··· Data to examine ···

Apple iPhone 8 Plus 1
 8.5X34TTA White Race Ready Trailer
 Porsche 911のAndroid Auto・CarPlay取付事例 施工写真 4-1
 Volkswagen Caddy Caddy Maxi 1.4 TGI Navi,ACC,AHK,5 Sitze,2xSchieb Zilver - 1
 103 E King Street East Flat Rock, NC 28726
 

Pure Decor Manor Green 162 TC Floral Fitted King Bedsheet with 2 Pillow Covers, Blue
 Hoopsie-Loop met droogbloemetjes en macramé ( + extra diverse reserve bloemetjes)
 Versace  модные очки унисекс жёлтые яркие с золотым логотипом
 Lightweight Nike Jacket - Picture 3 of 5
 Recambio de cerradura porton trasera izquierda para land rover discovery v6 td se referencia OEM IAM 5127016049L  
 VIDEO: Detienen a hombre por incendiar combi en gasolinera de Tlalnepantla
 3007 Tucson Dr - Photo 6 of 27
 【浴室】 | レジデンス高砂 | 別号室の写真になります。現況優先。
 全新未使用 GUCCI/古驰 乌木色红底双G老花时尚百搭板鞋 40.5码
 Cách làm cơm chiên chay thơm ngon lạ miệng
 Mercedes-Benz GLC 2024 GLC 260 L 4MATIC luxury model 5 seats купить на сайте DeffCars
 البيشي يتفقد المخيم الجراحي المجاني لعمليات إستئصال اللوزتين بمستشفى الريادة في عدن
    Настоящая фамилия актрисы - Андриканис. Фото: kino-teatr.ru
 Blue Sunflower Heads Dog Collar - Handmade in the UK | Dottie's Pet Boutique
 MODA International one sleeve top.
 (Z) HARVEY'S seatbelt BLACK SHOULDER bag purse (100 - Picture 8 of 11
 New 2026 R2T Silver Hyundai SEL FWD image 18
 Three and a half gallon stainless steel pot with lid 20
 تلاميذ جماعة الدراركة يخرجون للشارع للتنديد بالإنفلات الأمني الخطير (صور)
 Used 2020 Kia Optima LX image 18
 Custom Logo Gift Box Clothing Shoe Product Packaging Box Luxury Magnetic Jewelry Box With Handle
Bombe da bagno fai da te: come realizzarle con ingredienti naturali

···

**Task**
Find every line in the records above that contains the word "image", and copy each one.

**Output**
 New 2026 R2T Silver Hyundai SEL FWD image 18
 Used 2020 Kia Optima LX image 18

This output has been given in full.